Türkiye’nin kurtuluş ve kuruluşunun önemli dönemeçlerinden biri olan 30 Ağustos Zaferi’nin 100’üncü yılındayız. Askeri ve siyasi mücadelenin halkla beraber yürütüldüğü, işgalden kurtulma çabasıyla kuruluş iradesinin birleştirildiği tarihsel bir sürecin ürünü olarak somutlandı bağımsızlık fikri. Bu nedenle de çok önemli bir deneyime ve birikime işaret ediyor.

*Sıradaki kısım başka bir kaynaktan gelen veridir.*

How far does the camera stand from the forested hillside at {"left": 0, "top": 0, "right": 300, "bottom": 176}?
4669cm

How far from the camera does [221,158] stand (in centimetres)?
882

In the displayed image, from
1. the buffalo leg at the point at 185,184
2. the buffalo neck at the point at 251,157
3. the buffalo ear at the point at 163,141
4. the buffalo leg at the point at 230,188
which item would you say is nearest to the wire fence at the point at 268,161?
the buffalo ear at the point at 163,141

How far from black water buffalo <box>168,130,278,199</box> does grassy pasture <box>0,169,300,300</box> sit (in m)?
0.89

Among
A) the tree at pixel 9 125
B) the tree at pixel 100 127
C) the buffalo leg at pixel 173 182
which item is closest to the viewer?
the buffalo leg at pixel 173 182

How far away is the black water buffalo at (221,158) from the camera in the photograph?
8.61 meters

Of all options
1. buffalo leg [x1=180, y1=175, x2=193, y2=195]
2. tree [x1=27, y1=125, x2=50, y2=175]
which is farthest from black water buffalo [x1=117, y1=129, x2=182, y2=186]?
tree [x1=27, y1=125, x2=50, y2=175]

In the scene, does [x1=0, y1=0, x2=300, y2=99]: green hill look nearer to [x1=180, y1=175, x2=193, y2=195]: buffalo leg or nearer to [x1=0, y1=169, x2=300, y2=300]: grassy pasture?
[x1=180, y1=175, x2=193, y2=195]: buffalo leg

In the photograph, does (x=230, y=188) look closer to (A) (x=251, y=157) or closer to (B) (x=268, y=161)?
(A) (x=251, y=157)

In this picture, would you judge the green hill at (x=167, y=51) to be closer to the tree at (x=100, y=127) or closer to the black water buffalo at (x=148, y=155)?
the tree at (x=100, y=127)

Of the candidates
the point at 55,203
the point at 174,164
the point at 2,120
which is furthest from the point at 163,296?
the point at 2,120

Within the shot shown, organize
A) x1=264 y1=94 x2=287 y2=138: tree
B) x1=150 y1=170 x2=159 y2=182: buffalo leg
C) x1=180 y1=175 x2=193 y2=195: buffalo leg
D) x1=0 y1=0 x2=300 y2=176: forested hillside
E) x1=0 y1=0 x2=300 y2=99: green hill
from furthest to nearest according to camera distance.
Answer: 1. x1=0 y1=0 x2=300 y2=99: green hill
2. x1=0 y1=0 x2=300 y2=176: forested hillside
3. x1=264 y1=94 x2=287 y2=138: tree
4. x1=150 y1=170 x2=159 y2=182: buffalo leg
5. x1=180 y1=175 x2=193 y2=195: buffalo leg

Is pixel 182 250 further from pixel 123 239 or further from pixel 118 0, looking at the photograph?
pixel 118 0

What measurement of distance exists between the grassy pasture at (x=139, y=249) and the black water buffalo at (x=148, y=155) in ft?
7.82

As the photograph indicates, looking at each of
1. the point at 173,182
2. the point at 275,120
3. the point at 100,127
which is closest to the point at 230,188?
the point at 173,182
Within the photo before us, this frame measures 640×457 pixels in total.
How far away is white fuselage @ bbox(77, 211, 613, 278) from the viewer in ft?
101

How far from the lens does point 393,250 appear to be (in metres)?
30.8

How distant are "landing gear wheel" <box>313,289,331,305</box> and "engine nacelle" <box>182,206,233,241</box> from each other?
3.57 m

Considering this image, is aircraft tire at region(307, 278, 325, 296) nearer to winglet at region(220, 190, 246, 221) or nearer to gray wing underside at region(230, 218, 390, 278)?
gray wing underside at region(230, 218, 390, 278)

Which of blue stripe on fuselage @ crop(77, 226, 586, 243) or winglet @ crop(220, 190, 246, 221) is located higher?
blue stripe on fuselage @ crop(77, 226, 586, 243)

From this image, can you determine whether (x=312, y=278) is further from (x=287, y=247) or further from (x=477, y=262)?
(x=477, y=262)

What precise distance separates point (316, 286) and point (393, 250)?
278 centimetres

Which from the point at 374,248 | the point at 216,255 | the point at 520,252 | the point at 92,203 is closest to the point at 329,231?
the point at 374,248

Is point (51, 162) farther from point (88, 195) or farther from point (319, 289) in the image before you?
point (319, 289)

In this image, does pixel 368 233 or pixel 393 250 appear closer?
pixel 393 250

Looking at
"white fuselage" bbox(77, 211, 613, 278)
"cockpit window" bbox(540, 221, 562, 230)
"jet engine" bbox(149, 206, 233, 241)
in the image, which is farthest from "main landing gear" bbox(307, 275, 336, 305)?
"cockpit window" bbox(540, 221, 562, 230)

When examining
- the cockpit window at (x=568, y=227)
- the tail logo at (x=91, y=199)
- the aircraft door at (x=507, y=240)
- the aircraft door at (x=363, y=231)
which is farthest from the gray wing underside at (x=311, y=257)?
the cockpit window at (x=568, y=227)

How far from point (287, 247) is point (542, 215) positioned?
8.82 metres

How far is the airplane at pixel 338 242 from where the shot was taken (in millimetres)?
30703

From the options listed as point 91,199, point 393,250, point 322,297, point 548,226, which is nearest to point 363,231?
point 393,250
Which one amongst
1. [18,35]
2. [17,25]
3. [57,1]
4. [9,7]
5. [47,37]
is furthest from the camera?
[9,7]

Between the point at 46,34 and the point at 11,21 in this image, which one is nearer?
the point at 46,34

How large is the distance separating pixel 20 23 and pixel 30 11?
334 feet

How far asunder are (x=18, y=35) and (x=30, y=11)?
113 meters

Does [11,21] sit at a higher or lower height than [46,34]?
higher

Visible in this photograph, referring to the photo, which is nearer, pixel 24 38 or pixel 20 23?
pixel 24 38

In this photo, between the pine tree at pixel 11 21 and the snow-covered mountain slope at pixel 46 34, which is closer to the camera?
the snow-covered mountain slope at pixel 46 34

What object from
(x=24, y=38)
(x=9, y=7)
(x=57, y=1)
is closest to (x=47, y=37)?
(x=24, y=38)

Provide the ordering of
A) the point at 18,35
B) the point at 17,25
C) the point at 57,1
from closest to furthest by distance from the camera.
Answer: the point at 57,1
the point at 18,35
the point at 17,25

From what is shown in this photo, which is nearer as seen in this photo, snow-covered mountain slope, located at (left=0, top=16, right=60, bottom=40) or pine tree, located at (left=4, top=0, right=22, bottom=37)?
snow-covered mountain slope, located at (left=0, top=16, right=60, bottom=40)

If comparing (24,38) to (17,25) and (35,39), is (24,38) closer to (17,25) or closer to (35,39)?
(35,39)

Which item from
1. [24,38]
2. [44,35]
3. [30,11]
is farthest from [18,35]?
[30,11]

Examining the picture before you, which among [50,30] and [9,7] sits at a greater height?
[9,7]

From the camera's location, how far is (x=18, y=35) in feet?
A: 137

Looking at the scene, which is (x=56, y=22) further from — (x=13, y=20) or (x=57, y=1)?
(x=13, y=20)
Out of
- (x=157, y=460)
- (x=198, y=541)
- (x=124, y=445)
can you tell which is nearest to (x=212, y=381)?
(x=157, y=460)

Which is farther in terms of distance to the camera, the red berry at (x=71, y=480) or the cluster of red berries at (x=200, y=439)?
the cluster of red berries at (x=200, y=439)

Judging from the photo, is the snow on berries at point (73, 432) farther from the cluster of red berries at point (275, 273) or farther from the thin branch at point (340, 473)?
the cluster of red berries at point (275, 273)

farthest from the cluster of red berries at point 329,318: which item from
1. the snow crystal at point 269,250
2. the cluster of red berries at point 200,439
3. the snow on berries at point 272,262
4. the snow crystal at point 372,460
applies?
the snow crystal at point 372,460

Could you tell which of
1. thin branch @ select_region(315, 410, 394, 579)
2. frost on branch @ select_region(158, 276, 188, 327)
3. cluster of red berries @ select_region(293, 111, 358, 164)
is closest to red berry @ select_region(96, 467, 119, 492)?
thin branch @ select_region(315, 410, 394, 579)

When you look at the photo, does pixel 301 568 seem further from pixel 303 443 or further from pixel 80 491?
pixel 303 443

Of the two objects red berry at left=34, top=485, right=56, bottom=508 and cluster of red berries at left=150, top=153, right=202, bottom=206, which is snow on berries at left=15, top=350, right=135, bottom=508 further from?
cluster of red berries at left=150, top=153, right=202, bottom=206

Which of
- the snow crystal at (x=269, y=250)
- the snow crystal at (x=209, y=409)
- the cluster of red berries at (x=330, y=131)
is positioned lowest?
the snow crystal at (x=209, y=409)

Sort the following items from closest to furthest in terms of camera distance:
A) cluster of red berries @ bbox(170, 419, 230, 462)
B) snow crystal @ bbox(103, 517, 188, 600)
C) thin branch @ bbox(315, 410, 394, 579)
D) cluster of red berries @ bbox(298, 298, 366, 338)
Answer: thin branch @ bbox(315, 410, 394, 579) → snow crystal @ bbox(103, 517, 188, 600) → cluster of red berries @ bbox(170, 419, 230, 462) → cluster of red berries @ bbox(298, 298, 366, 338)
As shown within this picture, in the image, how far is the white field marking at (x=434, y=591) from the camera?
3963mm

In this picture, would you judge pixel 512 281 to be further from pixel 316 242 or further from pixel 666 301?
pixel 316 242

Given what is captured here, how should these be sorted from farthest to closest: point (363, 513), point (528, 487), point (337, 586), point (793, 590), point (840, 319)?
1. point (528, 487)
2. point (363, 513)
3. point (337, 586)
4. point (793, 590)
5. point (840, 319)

Kuruluşa damgasını vuran, kendi ayaklarının üzerinde duran bir ülke inşa etme hedefiydi. Siyasal egemenliği koruma ve kalkınma konusundaki çabaların arka planında başka ülkelere muhtaç olmama refleksi yatıyordu. Bu refleks uzun soluklu anti-kapitalist ve anti-emperyalist bir siyasi hattın oluşumu için yeterli olmasa da ülkenin kaynaklarını koruma ve geliştirme iddiasını diri tuttu. Soğuk Savaş’a doğru giderken Türkiye’nin yönetici kadroları önce bu iddiayı rafa kaldırdı sonra da Türkiye’yi adım adım ABD’ye bağımlı bir ülke haline getirdi. Sağcı kadroların milliyetçilik ve mukaddesatçılık sloganları eşliğinde yürütülen bu süreç Soğuk Savaş bittikten sonra da noktalanmadı.

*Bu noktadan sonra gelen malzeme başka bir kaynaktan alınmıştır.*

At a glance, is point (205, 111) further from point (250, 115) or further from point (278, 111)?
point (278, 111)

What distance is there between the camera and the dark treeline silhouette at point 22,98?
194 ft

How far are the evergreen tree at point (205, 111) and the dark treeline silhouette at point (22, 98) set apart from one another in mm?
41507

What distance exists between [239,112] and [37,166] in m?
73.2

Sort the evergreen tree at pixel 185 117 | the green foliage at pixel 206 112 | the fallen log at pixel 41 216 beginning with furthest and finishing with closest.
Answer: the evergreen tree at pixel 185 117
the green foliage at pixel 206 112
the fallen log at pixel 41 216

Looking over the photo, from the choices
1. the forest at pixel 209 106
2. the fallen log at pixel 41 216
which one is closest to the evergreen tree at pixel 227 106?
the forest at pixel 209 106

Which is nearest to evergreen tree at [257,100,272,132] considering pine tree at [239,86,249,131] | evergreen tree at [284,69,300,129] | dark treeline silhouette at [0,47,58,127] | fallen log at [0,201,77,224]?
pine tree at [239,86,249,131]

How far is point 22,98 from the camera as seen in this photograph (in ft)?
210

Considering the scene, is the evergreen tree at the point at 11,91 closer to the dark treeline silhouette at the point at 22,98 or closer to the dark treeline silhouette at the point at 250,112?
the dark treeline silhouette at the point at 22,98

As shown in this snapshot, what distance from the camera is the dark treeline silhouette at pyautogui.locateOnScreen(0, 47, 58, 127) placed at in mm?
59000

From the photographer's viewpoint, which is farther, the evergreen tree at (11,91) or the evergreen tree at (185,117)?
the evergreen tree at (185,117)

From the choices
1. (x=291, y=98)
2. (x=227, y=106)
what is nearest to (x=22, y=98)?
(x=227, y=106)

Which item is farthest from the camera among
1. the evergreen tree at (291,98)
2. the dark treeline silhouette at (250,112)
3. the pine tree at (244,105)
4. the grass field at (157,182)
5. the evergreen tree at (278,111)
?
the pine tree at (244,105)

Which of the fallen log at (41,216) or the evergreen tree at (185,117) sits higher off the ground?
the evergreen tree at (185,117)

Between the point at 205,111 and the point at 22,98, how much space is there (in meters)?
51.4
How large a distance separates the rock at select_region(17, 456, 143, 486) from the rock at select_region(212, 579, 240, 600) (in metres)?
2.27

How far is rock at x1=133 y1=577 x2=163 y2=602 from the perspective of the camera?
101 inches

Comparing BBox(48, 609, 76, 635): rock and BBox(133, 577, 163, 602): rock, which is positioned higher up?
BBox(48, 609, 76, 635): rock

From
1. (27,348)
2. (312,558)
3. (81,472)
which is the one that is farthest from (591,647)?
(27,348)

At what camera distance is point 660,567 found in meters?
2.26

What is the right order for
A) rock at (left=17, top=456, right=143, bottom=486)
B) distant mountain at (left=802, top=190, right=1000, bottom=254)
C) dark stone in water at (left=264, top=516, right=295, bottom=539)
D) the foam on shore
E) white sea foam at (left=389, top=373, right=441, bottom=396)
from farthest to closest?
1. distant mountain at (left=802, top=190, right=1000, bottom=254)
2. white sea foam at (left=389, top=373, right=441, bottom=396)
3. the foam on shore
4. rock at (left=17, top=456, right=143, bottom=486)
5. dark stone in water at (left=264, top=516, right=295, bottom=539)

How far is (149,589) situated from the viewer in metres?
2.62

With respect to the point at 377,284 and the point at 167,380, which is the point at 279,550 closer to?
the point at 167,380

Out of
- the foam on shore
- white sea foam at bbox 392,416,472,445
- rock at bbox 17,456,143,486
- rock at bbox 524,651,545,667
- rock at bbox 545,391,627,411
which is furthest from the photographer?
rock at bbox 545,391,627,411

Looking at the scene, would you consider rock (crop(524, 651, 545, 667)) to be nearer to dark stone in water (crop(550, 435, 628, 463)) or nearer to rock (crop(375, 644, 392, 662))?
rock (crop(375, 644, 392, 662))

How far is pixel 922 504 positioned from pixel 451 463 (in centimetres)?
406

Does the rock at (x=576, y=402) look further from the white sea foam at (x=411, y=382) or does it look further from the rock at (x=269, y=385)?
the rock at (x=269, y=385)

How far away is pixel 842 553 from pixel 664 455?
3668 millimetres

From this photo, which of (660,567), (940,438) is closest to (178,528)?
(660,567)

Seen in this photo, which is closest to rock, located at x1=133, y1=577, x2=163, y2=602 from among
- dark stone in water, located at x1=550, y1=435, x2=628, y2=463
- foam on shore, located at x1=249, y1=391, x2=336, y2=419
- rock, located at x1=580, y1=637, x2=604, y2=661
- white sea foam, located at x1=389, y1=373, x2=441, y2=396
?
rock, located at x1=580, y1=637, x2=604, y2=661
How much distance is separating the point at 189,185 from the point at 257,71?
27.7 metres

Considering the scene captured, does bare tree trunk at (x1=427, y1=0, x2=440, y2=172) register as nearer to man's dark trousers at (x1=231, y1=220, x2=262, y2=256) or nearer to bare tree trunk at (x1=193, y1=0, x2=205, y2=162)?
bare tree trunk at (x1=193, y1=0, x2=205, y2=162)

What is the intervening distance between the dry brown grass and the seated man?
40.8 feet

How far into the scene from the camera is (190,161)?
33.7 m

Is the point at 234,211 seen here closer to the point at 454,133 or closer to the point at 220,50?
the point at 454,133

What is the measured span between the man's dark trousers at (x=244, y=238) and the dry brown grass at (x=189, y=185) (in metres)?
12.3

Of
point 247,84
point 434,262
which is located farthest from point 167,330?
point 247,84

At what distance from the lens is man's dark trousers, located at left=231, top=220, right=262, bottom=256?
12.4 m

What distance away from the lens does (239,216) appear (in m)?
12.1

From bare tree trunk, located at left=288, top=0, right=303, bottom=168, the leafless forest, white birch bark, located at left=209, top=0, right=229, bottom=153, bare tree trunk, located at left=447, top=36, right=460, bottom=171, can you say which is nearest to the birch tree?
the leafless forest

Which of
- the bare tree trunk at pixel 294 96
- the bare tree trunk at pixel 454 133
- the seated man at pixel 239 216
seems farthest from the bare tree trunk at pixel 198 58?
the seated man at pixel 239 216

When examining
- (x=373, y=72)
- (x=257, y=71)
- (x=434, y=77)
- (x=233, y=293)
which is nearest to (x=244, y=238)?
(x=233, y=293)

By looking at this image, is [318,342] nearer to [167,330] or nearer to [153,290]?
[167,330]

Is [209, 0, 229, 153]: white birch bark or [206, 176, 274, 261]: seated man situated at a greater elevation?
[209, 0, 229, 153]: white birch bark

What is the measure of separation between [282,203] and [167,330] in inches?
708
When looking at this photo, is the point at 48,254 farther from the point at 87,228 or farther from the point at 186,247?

Türkiye’nin kaynaklarının yağmalandığı, siyasi iktidarın kendi ikbali uğruna ABD’den Rusya’ya Türkiye’nin bağımlılık ilişkilerini derinleştirdiği bir 20 yılı geride bıraktık. Egemenliğin öznesi eşit yurttaşlık İslamcı ve piyasacı emellerle yok edildi, rant uğruna cumhuriyet ile özdeş üretim mirası ortadan kaldırıldı. Kıyıları, dereleri, ovaları uluslararası sermayeye ve ülkedeki ortaklarına peşkeş çekilen; yurttaşlığının parayla satılan, devletler arası kulvarda pasaportunun değeri sürekli düşen, küçük bir azınlığı zenginleştirirken milyonlarca insanını açlık ve yoksulluğa mahkum eden bu düzene karşı yeni bir kurtuluş ve kuruluş mücadelesi vermek bir mecburiyet olarak karşımızda duruyor. Bu mücadelenin 100’üncü yıl öncesinin tarihsel birikimiyle 1960’ların ve 1970’lerin anti-emperyalist mücadelesinden ilham alması fakat onunla yetinmemesi, bugünün koşullarının gerektirdiği bir siyasi programı, dili ve güç birliğini inşa etmesi gerekiyor.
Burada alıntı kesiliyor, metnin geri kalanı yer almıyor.